Mon père m'aimait si tendrement, que toutes mes instances ne purent le faire céder à mes désirs. Je demandai à d'autres personnes de lui parler en ma faveur; leurs prières furent également inutiles. Tout ce qu'on put obtenir de lui, ce fut qu'après sa mort je ferais ce que je voudrais. Comme j'avais appris à me défier de moi, et que je redoutais de trouver dans ma faiblesse un écueil pour ma persévérance, je jugeai qu'un tel parti ne me convenait pas, et j'exécutai mon dessein par une autre voie, comme je vais le dire.


 

[9] C'était Marie Briceño. Elle était née en 1498. Fille de don Gonzalve Briceño et de doña Brigitte Contreras, noms illustres dans la noblesse d'Avila, elle entra en religion en 1514 et mourut en 1592. On rapporte à son sujet un évènement un événement merveilleux, survenu peu avant l'entrée de Thérèse au pensionnat. Pendant que la communauté était réunie pour l'oraison, un point lumineux appartit en. forme d'étoile; après avoir fait le tour du chœur, il s'arrêta au-dessus de Marie Briceño et disparut dans sa poitrine. Lorsque Alphonse de Cepeda amena sa fille, la supérieure la confia à cette religieuse, et plus tard la merveille s'expliqua. (Reforma de los Descalzos, t 1, livre 1, ch. VII.) Le souvenir de ce fait ne perpétue par un tableau allégorique, placé dans l'église des augustines; au bas, on lit en espagnol:  «  Ce tableau représente sainte Thérèse, quand elle était pensionnaire dans ce couvent de grâce, et sa vénérable maîtresse doña Marie Briceño religieuse d'une vertu exemplaire. Au second plan, on voit deux anges dont l’un dit: «  Thérèse, dans la maison de saint Augustin, tu apprendras à connaître ta vocation. L’autre, qui porte la règle des Carmélites réformées, dit: « Thérèse, va et fonde des couvents. ».
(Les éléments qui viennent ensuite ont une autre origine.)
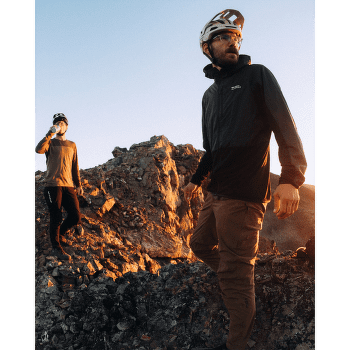 Bunda Mons Royale Diversion Merino Wind Jacket Black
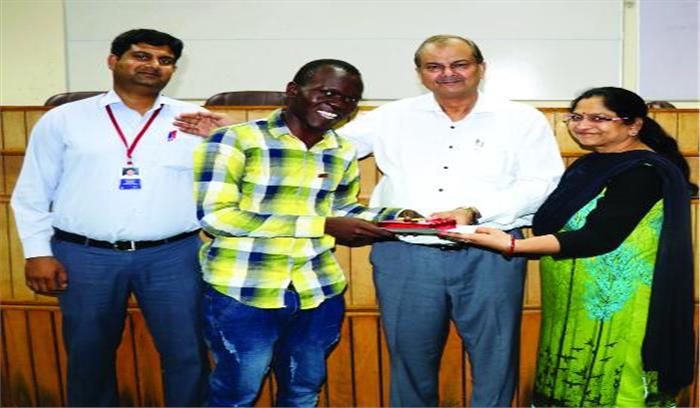 विश्व शिक्षक दिवस कार्यक्रम में विदेशी छात्र हुए शामिल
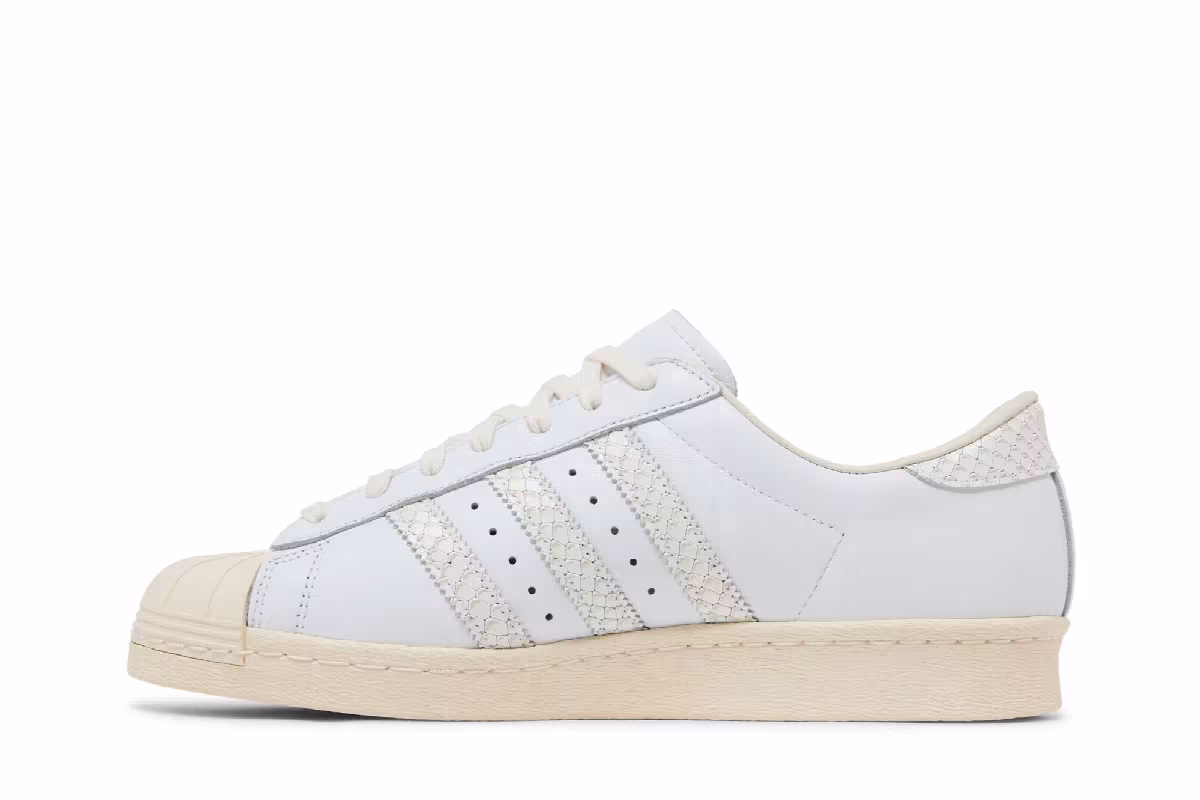 Undefeated x adidas Superstar 80 undefeated, view 4
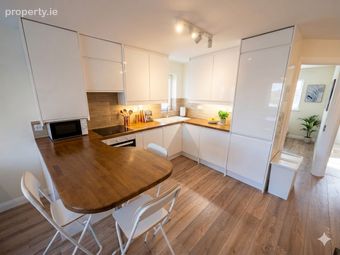 Apartment 1, Carlyle House, Howth, Dublin 13 - Image 4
[10] Cette fidèle amie de sainte Thérèse s'appelait Jeanne Suarez, religieuse d'une admirable régularité. Elle était dans le monastère de l'incarnation d'Avila, de l'ordre de Notre-Dame du Mont-Carmel.

[11] Marie de Cepeda, mentionnée an chapitre précédent; elle habitait avec son mari à Castellanos de la Canada.

[12] C'était Sanchez de Cepeda; il vivait dans la petite ville d'Hortigosa, à quatre lieues d'Avila.